About this task: Return the entries exactly as they appear.

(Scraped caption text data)

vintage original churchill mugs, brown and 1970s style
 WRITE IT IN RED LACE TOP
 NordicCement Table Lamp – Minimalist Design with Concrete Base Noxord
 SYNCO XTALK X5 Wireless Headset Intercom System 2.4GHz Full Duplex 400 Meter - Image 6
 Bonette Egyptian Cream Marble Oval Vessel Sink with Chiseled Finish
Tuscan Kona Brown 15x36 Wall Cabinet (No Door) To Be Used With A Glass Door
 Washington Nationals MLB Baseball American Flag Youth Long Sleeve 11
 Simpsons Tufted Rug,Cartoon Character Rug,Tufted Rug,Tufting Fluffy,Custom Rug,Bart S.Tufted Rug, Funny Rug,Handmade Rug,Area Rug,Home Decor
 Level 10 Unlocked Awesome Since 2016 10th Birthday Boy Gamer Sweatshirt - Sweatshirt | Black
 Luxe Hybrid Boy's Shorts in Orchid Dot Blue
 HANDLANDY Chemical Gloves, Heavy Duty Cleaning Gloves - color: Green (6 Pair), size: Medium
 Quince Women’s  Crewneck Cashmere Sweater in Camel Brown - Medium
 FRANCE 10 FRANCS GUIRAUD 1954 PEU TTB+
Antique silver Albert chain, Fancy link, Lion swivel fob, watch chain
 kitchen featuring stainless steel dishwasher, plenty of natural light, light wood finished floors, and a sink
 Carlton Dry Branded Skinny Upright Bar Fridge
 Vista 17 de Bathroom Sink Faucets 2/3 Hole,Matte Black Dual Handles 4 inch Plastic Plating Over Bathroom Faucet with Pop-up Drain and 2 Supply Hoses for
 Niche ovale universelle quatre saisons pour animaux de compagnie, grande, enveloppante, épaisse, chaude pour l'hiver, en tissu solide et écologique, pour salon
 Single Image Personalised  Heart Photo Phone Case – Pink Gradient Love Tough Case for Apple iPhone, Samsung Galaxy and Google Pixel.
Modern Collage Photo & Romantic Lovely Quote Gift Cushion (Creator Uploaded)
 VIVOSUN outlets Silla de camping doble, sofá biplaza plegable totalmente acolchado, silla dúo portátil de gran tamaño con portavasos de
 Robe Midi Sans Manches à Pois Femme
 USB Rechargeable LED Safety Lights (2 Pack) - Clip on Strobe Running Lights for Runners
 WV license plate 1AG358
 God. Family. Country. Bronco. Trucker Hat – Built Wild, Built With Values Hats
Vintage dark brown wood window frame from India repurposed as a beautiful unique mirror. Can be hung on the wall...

Solution to the problem:
vintage original churchill mugs, brown and 1970s style
 WRITE IT IN RED LACE TOP
 NordicCement Table Lamp – Minimalist Design with Concrete Base Noxord
 SYNCO XTALK X5 Wireless Headset Intercom System 2.4GHz Full Duplex 400 Meter - Image 6
 Bonette Egyptian Cream Marble Oval Vessel Sink with Chiseled Finish
Tuscan Kona Brown 15x36 Wall Cabinet (No Door) To Be Used With A Glass Door
 Washington Nationals MLB Baseball American Flag Youth Long Sleeve 11
 Simpsons Tufted Rug,Cartoon Character Rug,Tufted Rug,Tufting Fluffy,Custom Rug,Bart S.Tufted Rug, Funny Rug,Handmade Rug,Area Rug,Home Decor
 Level 10 Unlocked Awesome Since 2016 10th Birthday Boy Gamer Sweatshirt - Sweatshirt | Black
 Luxe Hybrid Boy's Shorts in Orchid Dot Blue
 HANDLANDY Chemical Gloves, Heavy Duty Cleaning Gloves - color: Green (6 Pair), size: Medium
 Quince Women’s  Crewneck Cashmere Sweater in Camel Brown - Medium
 FRANCE 10 FRANCS GUIRAUD 1954 PEU TTB+
Antique silver Albert chain, Fancy link, Lion swivel fob, watch chain
 kitchen featuring stainless steel dishwasher, plenty of natural light, light wood finished floors, and a sink
 Carlton Dry Branded Skinny Upright Bar Fridge
 Vista 17 de Bathroom Sink Faucets 2/3 Hole,Matte Black Dual Handles 4 inch Plastic Plating Over Bathroom Faucet with Pop-up Drain and 2 Supply Hoses for
 Niche ovale universelle quatre saisons pour animaux de compagnie, grande, enveloppante, épaisse, chaude pour l'hiver, en tissu solide et écologique, pour salon
 Single Image Personalised  Heart Photo Phone Case – Pink Gradient Love Tough Case for Apple iPhone, Samsung Galaxy and Google Pixel.
Modern Collage Photo & Romantic Lovely Quote Gift Cushion (Creator Uploaded)
 VIVOSUN outlets Silla de camping doble, sofá biplaza plegable totalmente acolchado, silla dúo portátil de gran tamaño con portavasos de
 Robe Midi Sans Manches à Pois Femme
 USB Rechargeable LED Safety Lights (2 Pack) - Clip on Strobe Running Lights for Runners
 WV license plate 1AG358
 God. Family. Country. Bronco. Trucker Hat – Built Wild, Built With Values Hats
Vintage dark brown wood window frame from India repurposed as a beautiful unique mirror. Can be hung on the wall...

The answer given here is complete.